The Technology roadmap had best be left to the one who is most current on the latest trends in the market of choice. I met with a company earlier this year about an advisory role. The company has mature leadership and is doing quite well financially in a sector where I have some knowledge and using a technology stack where I have even more insight. Keep in mind that I am not a CTO candidate for anyone unless it involves Microsoft BASIC and 8” floppy disks. My first take was that it was throwback jersey day at the football stadium. Their stack was quite a few years behind the way I would suggest going about things today and had seen implemented in similar use cases elsewhere. I was too honest about that and, needless to say, I wasn’t invited to proceed with them. They have some slow-moving customers who care little about tech wizardry and only about anything that solves their particular problems. This company will probably enjoy a killer exit before their customers pay any attention to alternatives that I would consider to be more contemporary. The point is that the more market experienced team members are in the best position to drive the product design, but chances are that the more newly trained engineers are going to be a few generations along the curve in terms of what is the most effective way to implement that design. And, generations in this business come along about every other year. Deciding to be vigilant on that count is always a good decision.
Identifying and acquiring Customers is another area where differing ages have differing viewpoints. I personally have a large number of contacts that I have accumulated over the years. These are people who actually know me, not just that I have collected a card from. I’d be receptive to hearing from any of them, and they in turn will give me an audience. When I get involved in advising a company where I have firmly established trust and belief in the team, my first instinct is to call upon my relevant connections. I am a proponent of relationship selling. But, I am well aware of the thousands of marketing automation companies that have been successful and that have created a new generation of transactional selling based on emails, calls, features, and promotions that do win customers. MailChimp in Atlanta is a great example of this; there’s a Unicorn in the making with almost no human interaction with customers. Their software and the lovable chimp are genuinely anthropomorphic. Of course, if you’re too young and haven’t shown your capabilities in venues where you’ve earned your own network, you’re very happy to have these more removed methods of selling. Or, you’ll make a good decision by finding a co-founder who brings along that dimension. Not all products lend themselves to both these genres of selling. Some absolutely require relationships, but others are at price points where only automated marketing is financially realistic.
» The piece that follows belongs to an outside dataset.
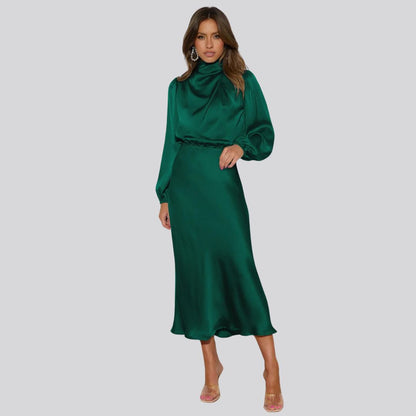 Nika | robe midi en satin pour femme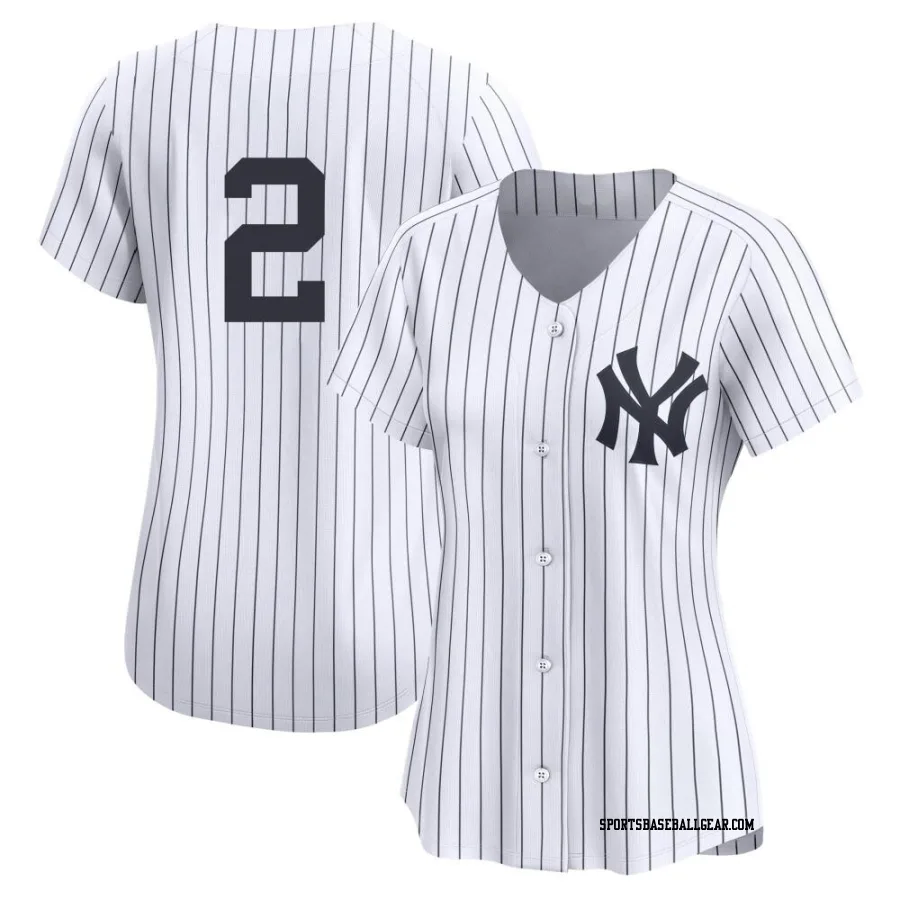 Derek Jeter Women's New York Yankees White Limited Yankee Home 2nd Jersey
Raising Money is a team sport. I wouldn’t invest in me as the CEO of a startup that might take five to ten years to play out. I’m in great health and am cycling 4,000 miles per year, but that could all change in an instant. I look around at my peers in various social and business settings and see that many are not so fortunate. I might invest in a company where I’m in a chairman-like roll to provide my wisdom and connections to back up younger founders. I’m finding in some of my current activities that my presence makes a big difference to investors. They know that I’ve had successful starts and exits, along with venture capital, banking, and IB experience and numerous board seats and can at least assure a rational and orderly fundraising process. They know I can recognize and land the “make the company” deals when they come along. I contribute what I can to the more granular subject matter decisions of creating the company, but when the discussion moves to finances and the big opportunities is when everybody turns to look at me. If nothing else, I can usually lend some comfort to potential investors as they make their decisions on a deal.
And remember, every plan I see these days touts AI. I’m presuming henceforth that means Aged Insights.